Sunday, December 21, 2008

Shrimp with Tomatoes, Oregano, and Feta Cheese


Shrimp and Feta... can you argue with those two ingredients? Tonight I was gifted with a pound and a half of shrimp and asked to make something. As you all know, this is my dream! I found this simple, yet tasty, recipe in my cookbook from the Culinary Institute of America. As suggested in the cookbook, I decided to broil it before serving. It adds a nice color to the dish.

Shrimp with Tomatoes, Oregano, and Feta Cheese
Makes 4 servings

1 1/2 lb. large shrimp (16/20 count), shelled and deveined
Salt as needed
Freshly ground black pepper as needed
2 Tbsp. olive oil
1 cup chopped yellow onion
2 tsp. minced garlic
1/4 tsp. ground cayenne
2 Tbsp. chopped oregano
1 cup Tomato Sauce
1 tsp. sugar
1 cup crumbled feta cheese 1/4 cup chopped flat-leaf parsley
4 slices crusty bread

Season the shrimp with salt and pepper. Heat the oil in a large saute pan over high heat until is shimmers. Add the shrimp and saute, turning as necessary until the shrimp are bright pink, 2 to 3 minutes.

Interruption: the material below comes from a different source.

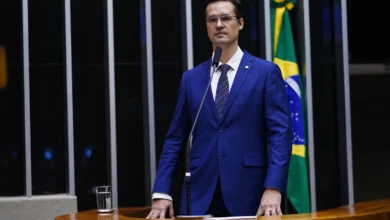 TSE barra candidatura de Deltan Dallagnol ao Senado até análise de recurso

Transfer the shrimp to a plate and keep warm.

Add the onion garlic, cayenne, and oregano to the pan and saute, stirring constantly, until aromatic, about 1 minute. Add the tomato sauce, reduce the heat to low, and bring to a simmer. Season the sauce to taste with sugar, salt, and pepper. Return the shrimp to the sauce and simmer very slowly until the shrimp is completely cooked, about 5 minutes.

Transfer the shrimp to a serving dish (or individual gratin dishes). Top the shrimp with the sauce and sprinkle the cheese evenly over the top. Serve very hot, topped with the chopped parsley. Serve with crusty bread.